THE YEAR THE WORLD IS TO END…

It rains and rains and rains. It has been raining since I returned and from what I saw of the weather while I was gone (on my I-phone weather button), it rained most of the days I was in Mexico.  The river is rising although it isn’t yet high enough to give alarm and there were only a few hours yesterday when a soggy sun seeped through the clouds giving a small glimmer of false hope.

It is Saturday and I am home. I have been home now for over three days and I am just beginning to lose the feeling of floating that travel always leaves me. Life is beginning to get back to normal, if such a thing exists and today is the last day of the year, 2011. Yesterday I decided that I would spend this last day in solitude and relative silence. Then, for some unknown reason, I tuned into the radio on I-tunes and chose Classical piano music. It has been playing all day and at the moment I am listening to Beethoven’s Moonlight Sonata. I never listen to music so this is strange, but it is a day of letting things happen by themselves, so be it as it is. I listen to Beethoven, Bach and Lizst and outside it rains. The day progresses; I feel a lively curiosity about the year to come. Will the world, as we know it, end? Has it actually been ending already, bit by bit over the last years?

Well, of course it has. This is the nature of constant change: everything is ending and beginning all the time, in every instant. However, there are stages, structures, forms that override the myriad minor changes going on all the time. The different “ages” had their duration, the Ice Age, the Bronze Age, the Industrial Revolution, the Consumer Society, the Technological Age, the Information Age… each –it would appear- getting shorter and shorter as time accelerates, and now what can we expect? Governments, corporations and financial institutions worldwide are facing the anger and frustration of “Occupy” movements surging up from the grassroots of society and the institutions we have depended on for so long so blindly to care for the greater needs of the many aren’t functioning any more in the interest of the people. And yet… and yet everyone will celebrate tonight. Some are already doing it.

According to BBC, Sydney heralded the New Year with a 15-minute multi-million dollar firework display at two o’clock Salies time (that was already three hours ago). One wonders if the millions couldn’t have been more wisely spent. Salomé for one is not going to appreciate the few firecrackers that go off in Salies, which she will take lying down… under the bed!

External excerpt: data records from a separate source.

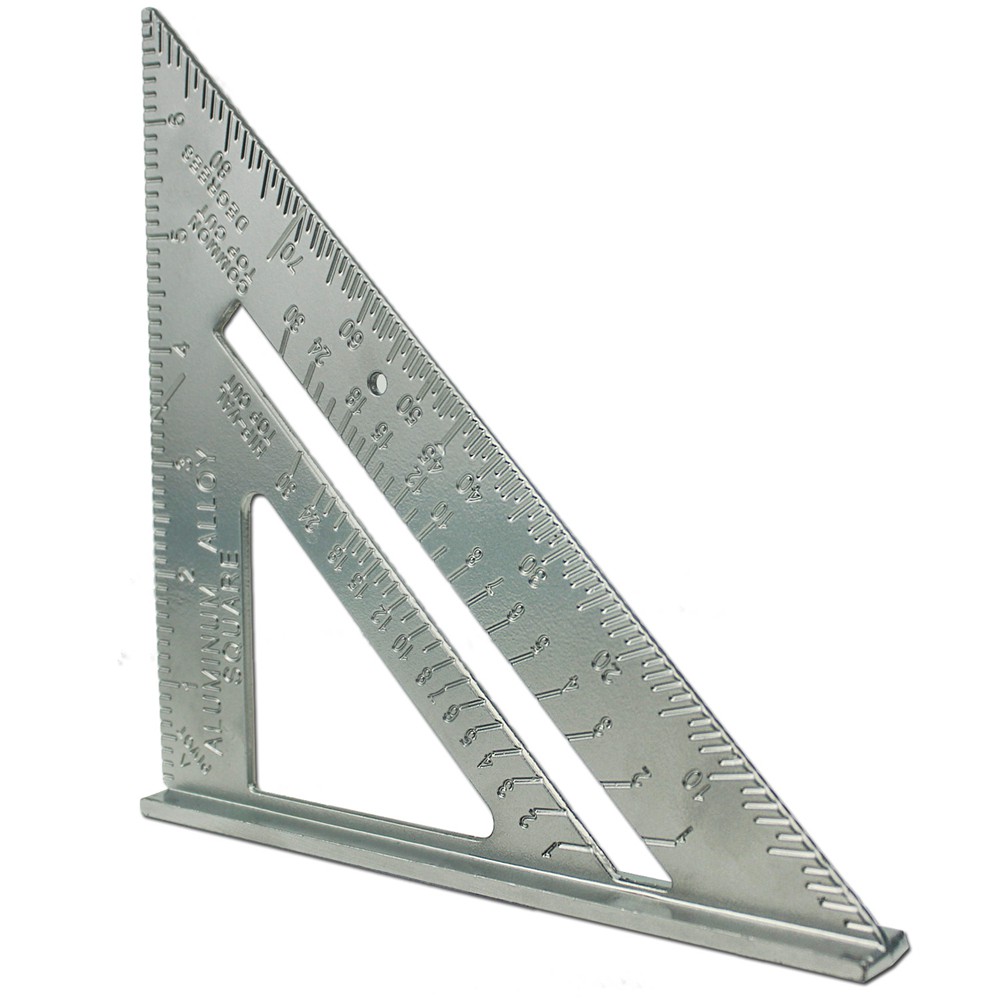 Esquadro de 45 90 Graus Profissional Alloy Speedsquare Polegadas ...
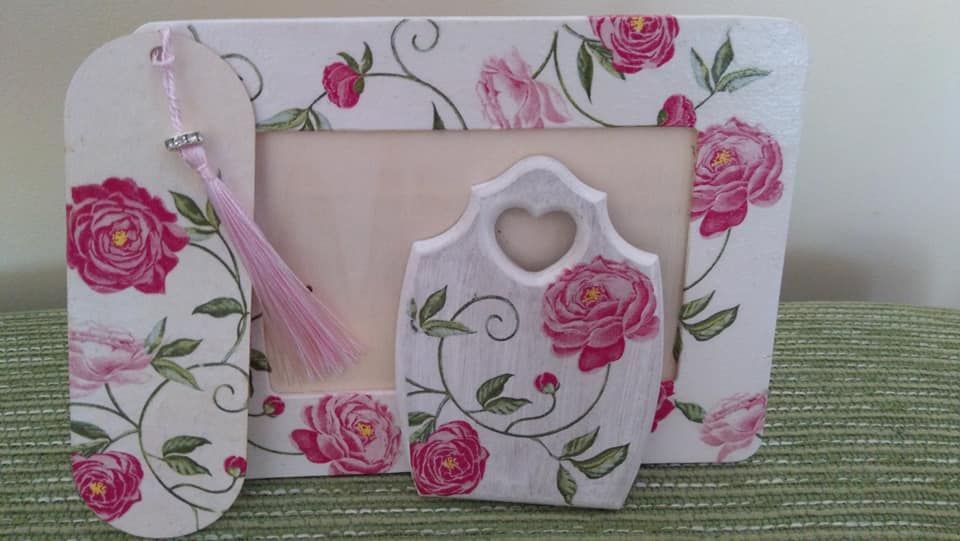 Комплект рамка, книгоразделител, картинка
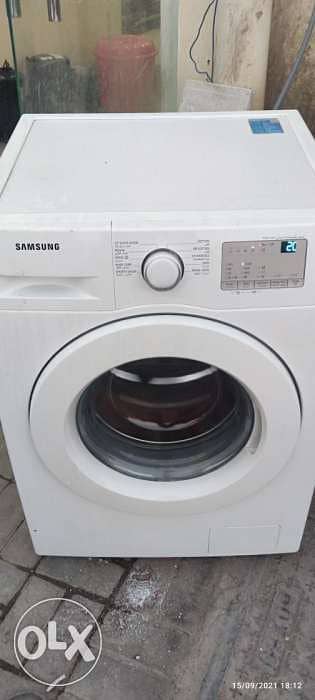 front load Samsung 7 kg automatic washing machine 2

Here, the Park Hotel and its Casino are packed with revelers awaiting the moment to toast with champagne. At eleven o’clock a circus is taking several of its prime acts to put on for the gamblers gathered there. Among the stars is a bonobo. The bonobo is a species of small chimpanzee that is known mainly for its use of sex as a social pacifier. When two bonobos are having a spat a third and dominant bonobo will have sex with each one to terminate the argument and then the spatting bonobos will have sex with each other: problem solved. Who can go on fighting after so much sex? Well, the trainer decided to take a female bonobo to the Casino because, he said, the gentlemen gambling will be emitting stress hormones and a male bonobo might feel it his duty to intervene and calm the upset players bonobo-style. Frankly, I think the male bonobo would make for a much more interesting and novel way to start the New Year and might serve to sober up a couple of the more stressed out carousers. I am sorely tempted to go see the circus and especially the bonobo, but I fear it will not be possible with the crowd that is said to be expected tonight.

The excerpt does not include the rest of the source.